BH: This is an interesting question: I am not 100% sure about that, but we ordered scans of the Schultzen print at the Bibliothèque national de France (BnF), a little time later the source was available through the “gallica site” of the Bnf (- for free and common use) and so it found its way to the Petrucci site, I guess. Now a lot of colleagues have access to the sonatas and will hopefully play them and spread them through the recorder and early music world.
EF: Has this recording aroused interest from musicologists regarding Schultzen and his music?
BH: There is some interest coming up from colleagues and musicologists, but the starting position with its limited knowledge is challenging – as I know from the research we did in preparing the booklet for the album.
We hope that we will hear more of Schultzen soon!
EF: Do you have any clues from scholars regarding the possible identity of the anonymous composer of the Italianate viola da gamba sonatas? Also, for the benefit of readers who may not know how to tell Italian (or Italianate) music from German music, could you give a few guidelines?
BH: Indeed there are only few Sonatas for viol written explicitly in Italian style. The three recorded ones are closer connected to works by e. g. Vivaldi than for instance well-known pieces by G. Ph. Telemann or J. S. Bach, which represent the Vermischter Geschmack (mixed taste). This can be seen by the use of harmony - surprising moments are relatively rare and used in a distinct manner - and a stronger rhythmic flow. It is likely that a composer of Italian origin, more precisely from northern Italy, wrote these viol sonatas. So the authorship could perhaps be attributed to Giuseppe Antonio Brescianello, who was working at the Italy-orientated court in Stuttgart from 1716 on - but that’s pure speculation!
EF: You use such a variety of articulations when playing the recorder. Could you talk about the use of the tongue as a vehicle for expression?

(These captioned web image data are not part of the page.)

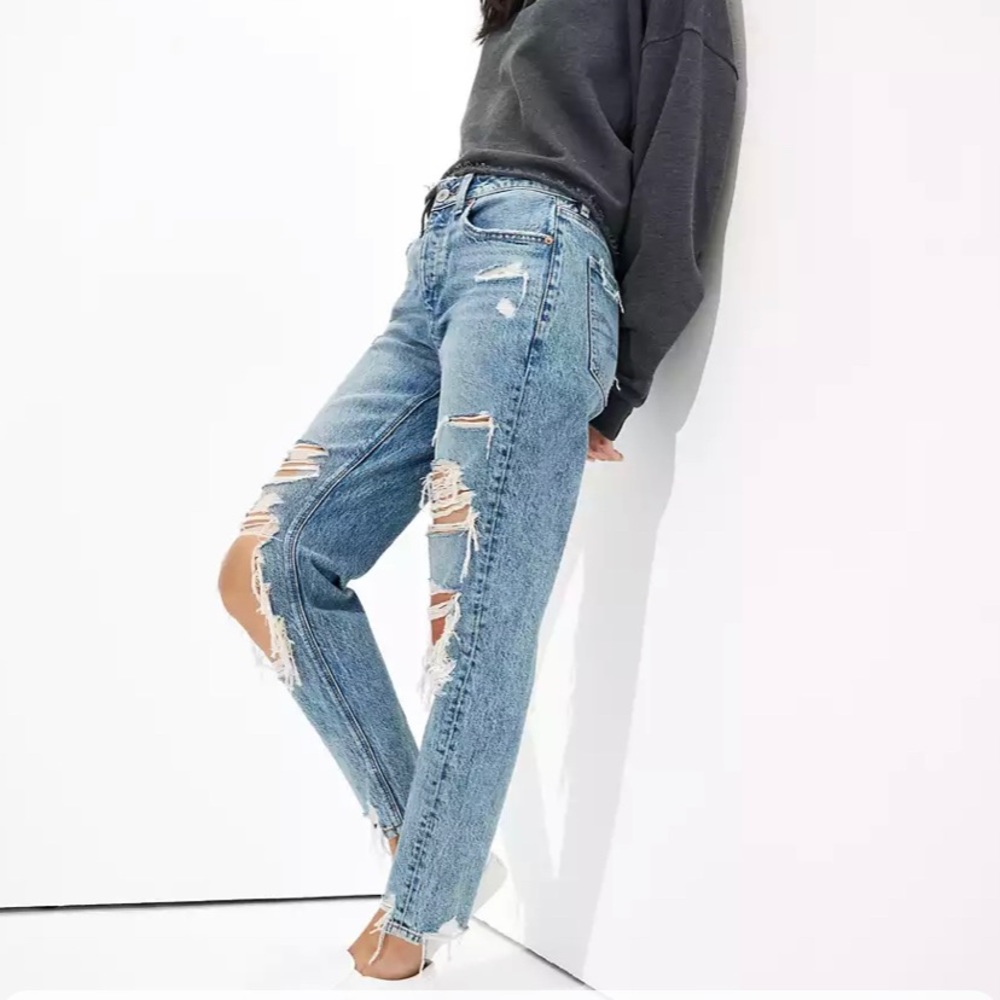 American Eagle tomgirl distressed jeans - brand new!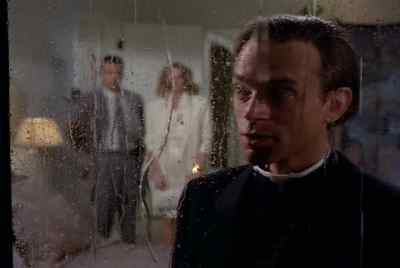 THIS IS WHERE SHE LIVED. - Moonlighting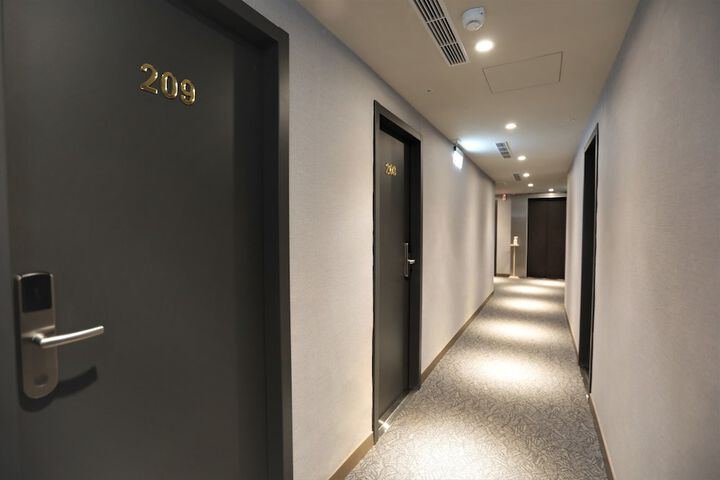 Ballroom/Hall 77 of 79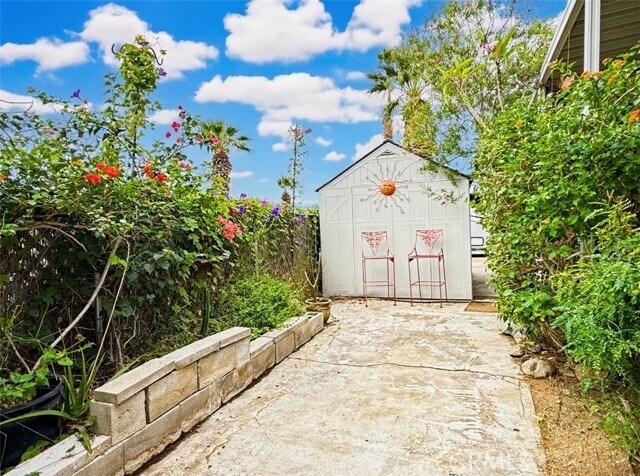 Foto del edificio - 70875 Dillon Rd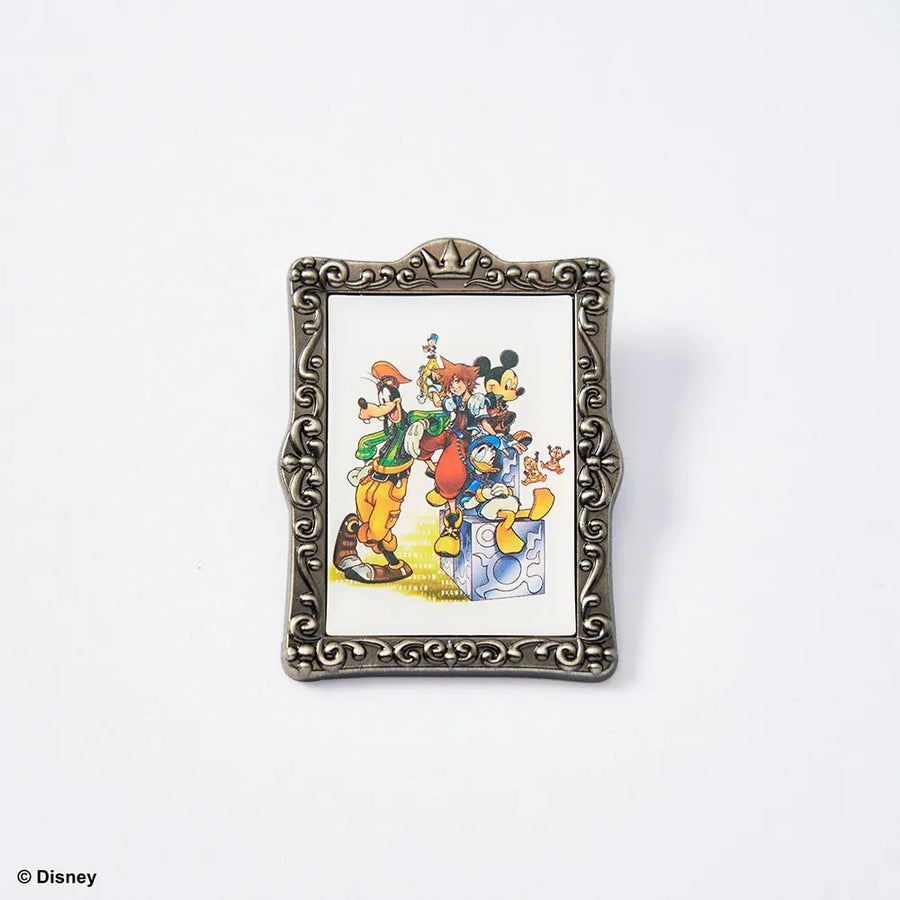 Kingdom Hearts 20th Anniversary Pin Box Vol. 1 – Square Enix – ActionFigure Brasil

BH: In the Baroque era, vocal music is still the ideal of all music. Most books of instrumental pedagogy came into existence based on the premise that the best instruments are those which could most effectively imitate the human voice (we read that about the recorder, the viol, the cornet, the flute etc.). Also, the classical art of rhetoric was still very much common knowledge among composers and musicians.
The basis of vocal music is text, so I feel that my obligation as a recorder player performing Baroque music is to “speak” it; that means to produce nearly as many different sounding syllables as in spoken or sung language. Of course there are limitations to this aim, but it’s also an exciting challenge to seek this variety. In my opinion the recorder is predestined for vivid articulation because it reacts so directly, quickly and sensitively to it.